§ Try it
Type out each record word for word. Pictures stay out.

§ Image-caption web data
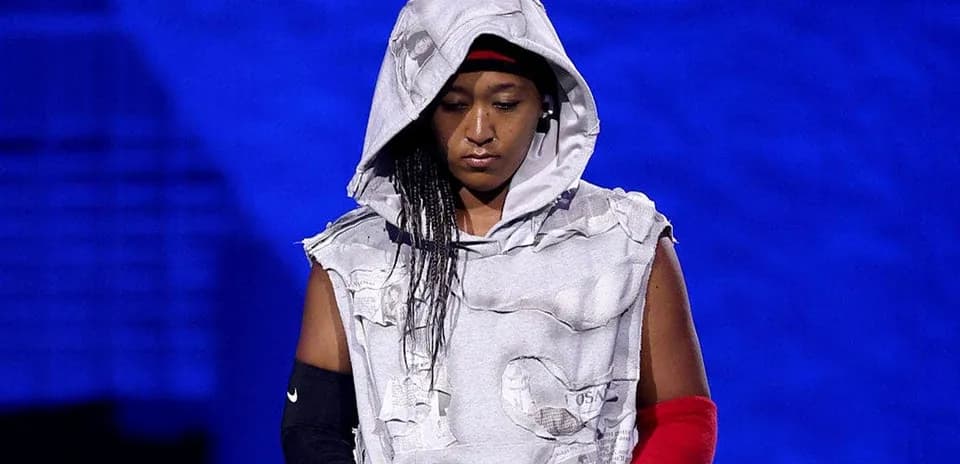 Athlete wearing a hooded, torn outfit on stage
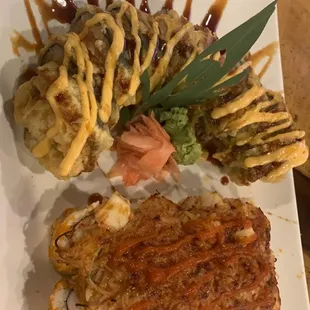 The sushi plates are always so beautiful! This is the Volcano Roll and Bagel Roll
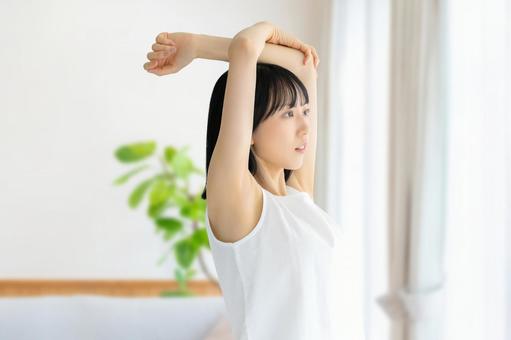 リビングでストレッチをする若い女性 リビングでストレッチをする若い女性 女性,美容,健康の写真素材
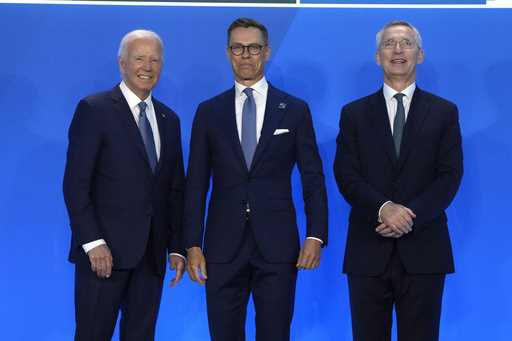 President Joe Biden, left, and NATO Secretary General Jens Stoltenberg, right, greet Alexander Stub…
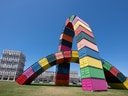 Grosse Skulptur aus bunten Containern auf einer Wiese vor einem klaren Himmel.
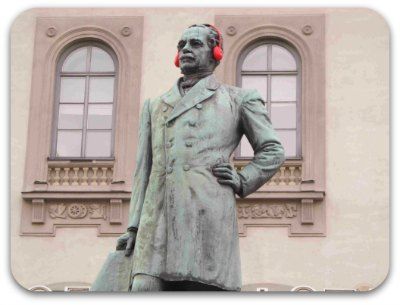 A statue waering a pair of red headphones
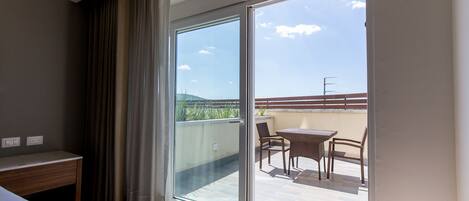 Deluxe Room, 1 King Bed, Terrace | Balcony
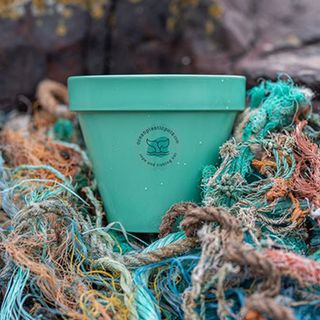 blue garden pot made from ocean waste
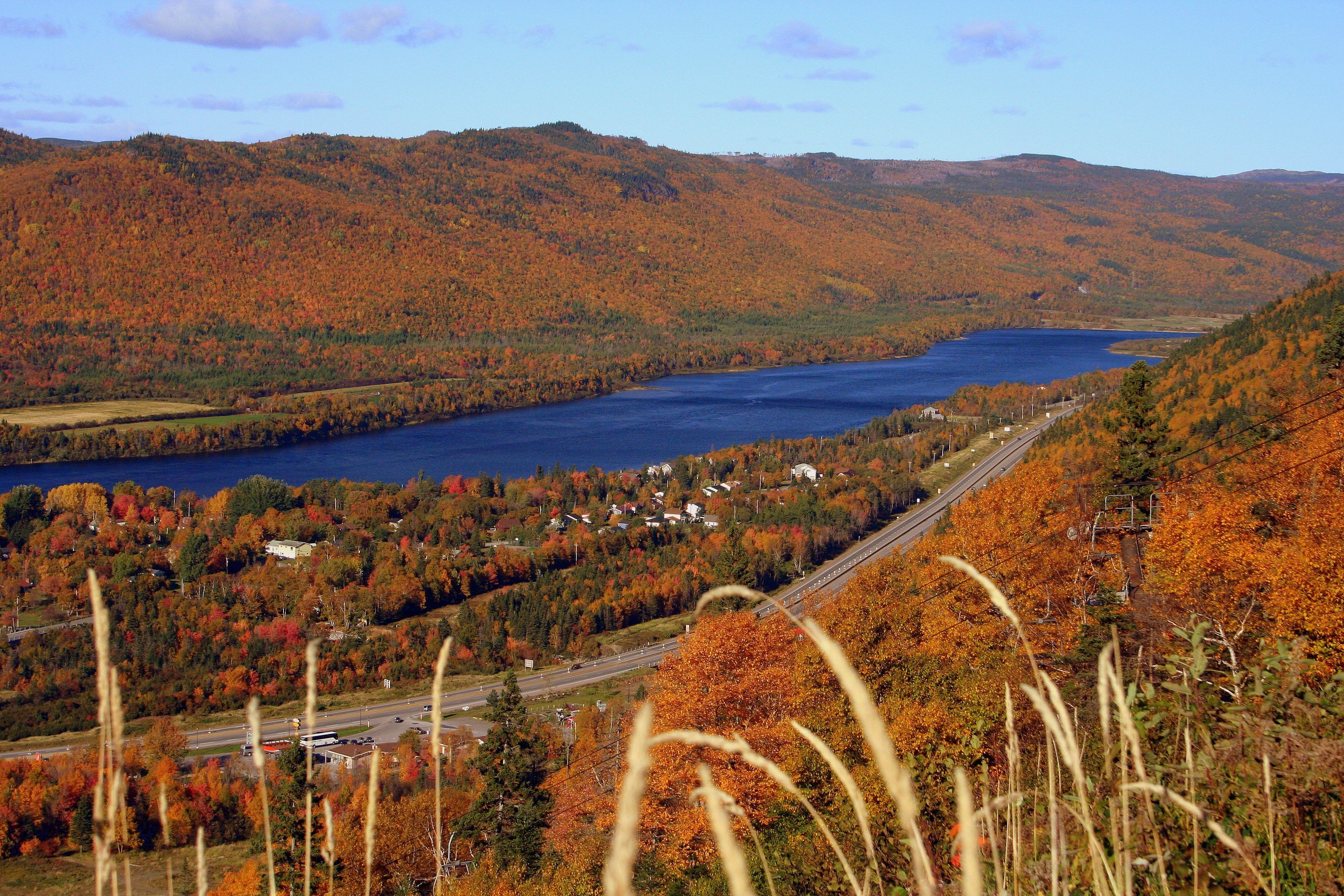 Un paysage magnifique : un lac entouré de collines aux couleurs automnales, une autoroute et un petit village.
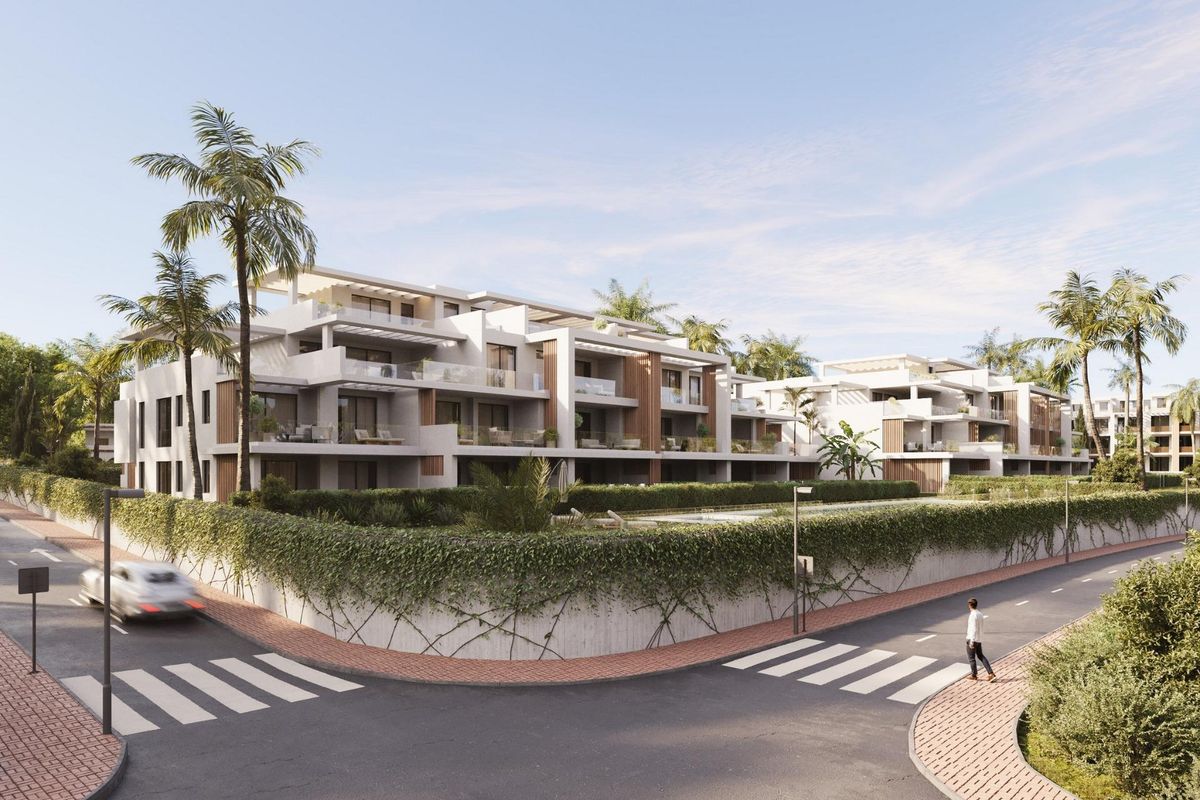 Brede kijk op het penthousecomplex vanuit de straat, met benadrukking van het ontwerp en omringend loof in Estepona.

§ Exercise solution
 Athlete wearing a hooded, torn outfit on stage
 The sushi plates are always so beautiful! This is the Volcano Roll and Bagel Roll
 リビングでストレッチをする若い女性 リビングでストレッチをする若い女性 女性,美容,健康の写真素材
 President Joe Biden, left, and NATO Secretary General Jens Stoltenberg, right, greet Alexander Stub…
 Grosse Skulptur aus bunten Containern auf einer Wiese vor einem klaren Himmel.
 A statue waering a pair of red headphones
 Deluxe Room, 1 King Bed, Terrace | Balcony
 blue garden pot made from ocean waste
 Un paysage magnifique : un lac entouré de collines aux couleurs automnales, une autoroute et un petit village.
 Brede kijk op het penthousecomplex vanuit de straat, met benadrukking van het ontwerp en omringend loof in Estepona.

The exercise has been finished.